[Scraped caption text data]
-- Opening Marker --

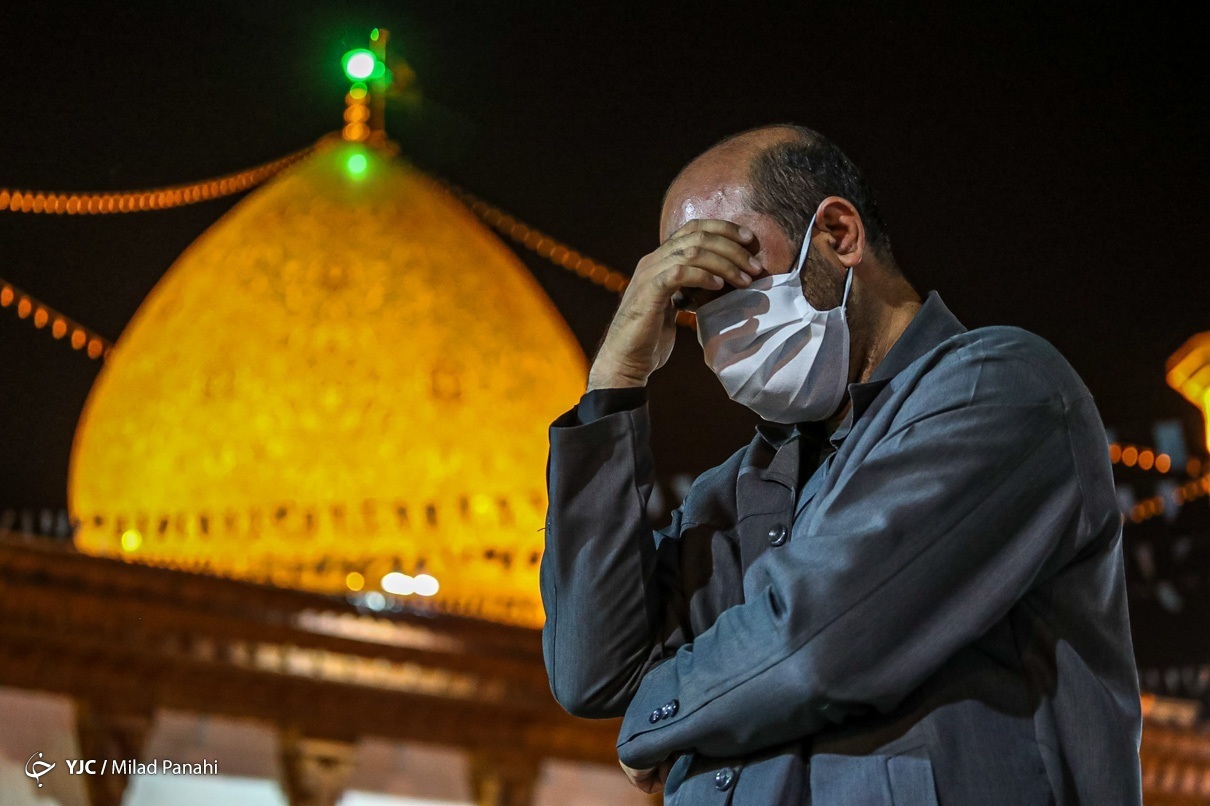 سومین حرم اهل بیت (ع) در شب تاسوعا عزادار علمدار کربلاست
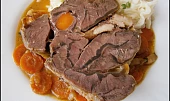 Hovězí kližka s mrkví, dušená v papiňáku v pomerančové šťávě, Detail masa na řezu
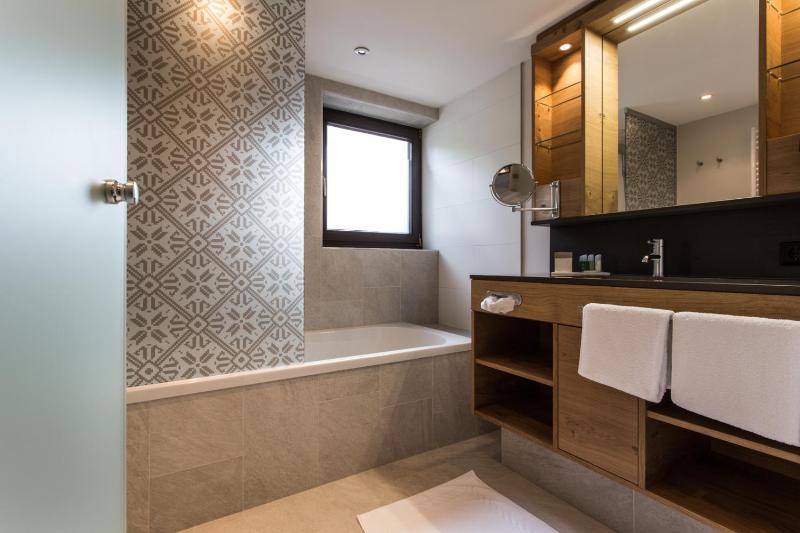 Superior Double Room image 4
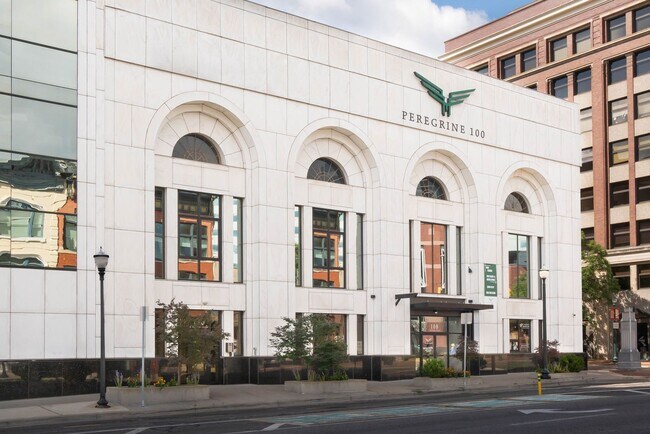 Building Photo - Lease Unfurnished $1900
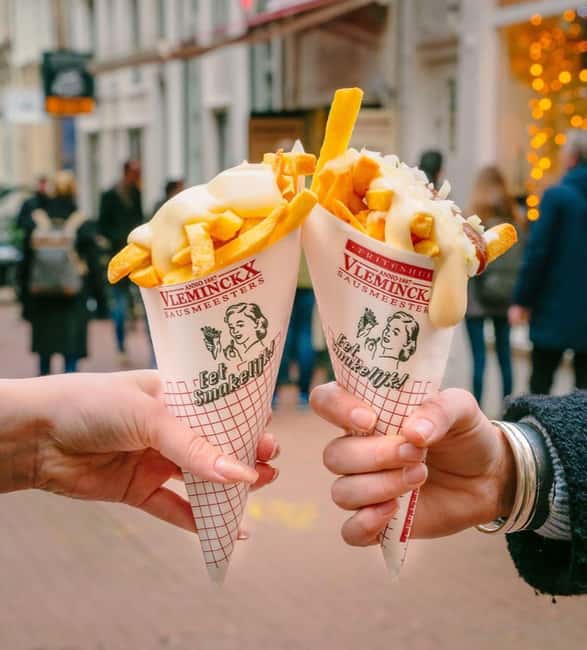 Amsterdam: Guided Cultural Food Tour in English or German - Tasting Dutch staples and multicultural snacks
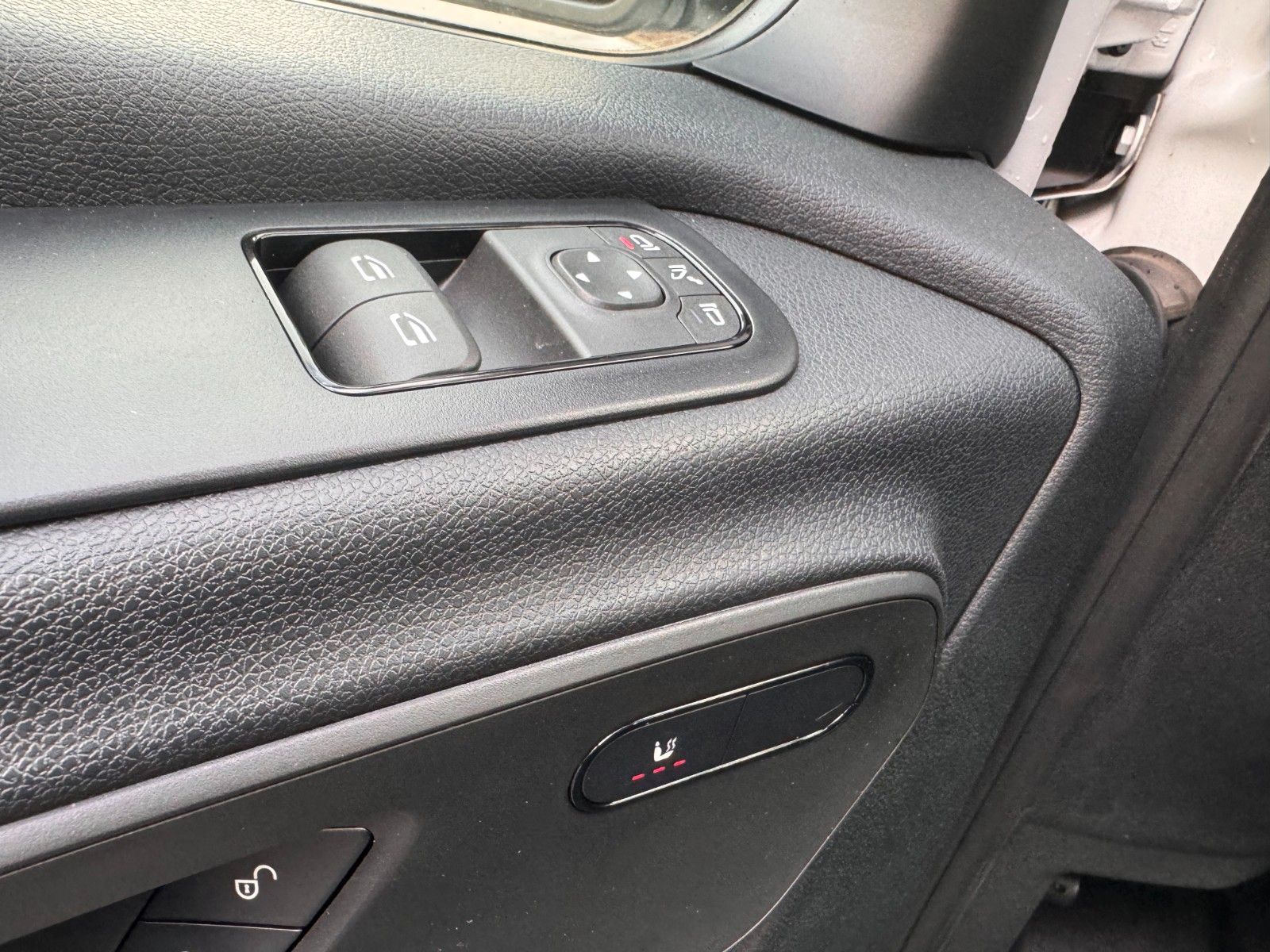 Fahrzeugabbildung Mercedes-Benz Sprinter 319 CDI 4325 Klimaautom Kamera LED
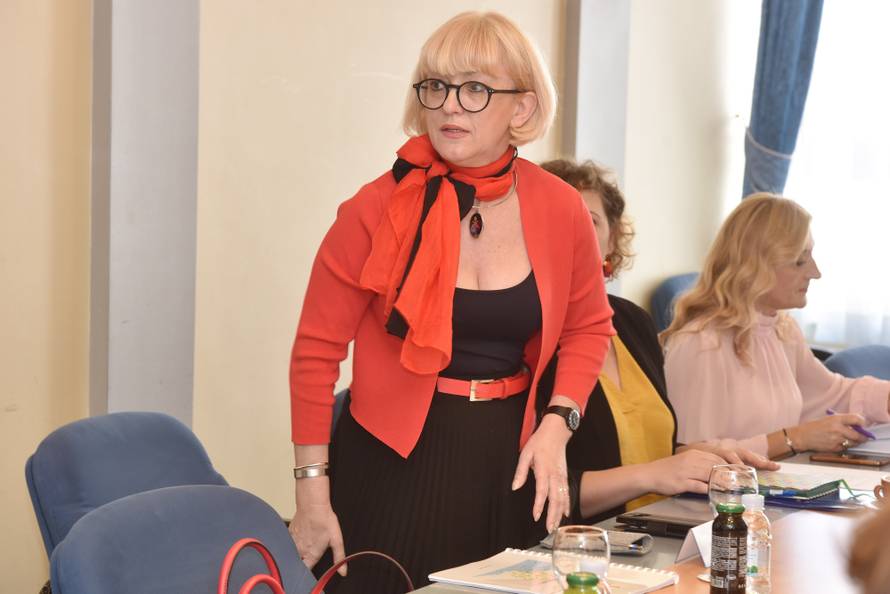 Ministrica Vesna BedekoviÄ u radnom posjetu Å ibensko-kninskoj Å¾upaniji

-- Closing Marker --

== WHAT YOU NEED TO DO ==
Above, find the line holding "Hovězí kližka s" and the line holding "Fahrzeugabbildung Mercedes-Benz Sprinter". Print exactly those two lines and every line between them, but no pictures.

== OUTPUT BELOW ==
 Hovězí kližka s mrkví, dušená v papiňáku v pomerančové šťávě, Detail masa na řezu
 Superior Double Room image 4
 Building Photo - Lease Unfurnished $1900
 Amsterdam: Guided Cultural Food Tour in English or German - Tasting Dutch staples and multicultural snacks
 Fahrzeugabbildung Mercedes-Benz Sprinter 319 CDI 4325 Klimaautom Kamera LED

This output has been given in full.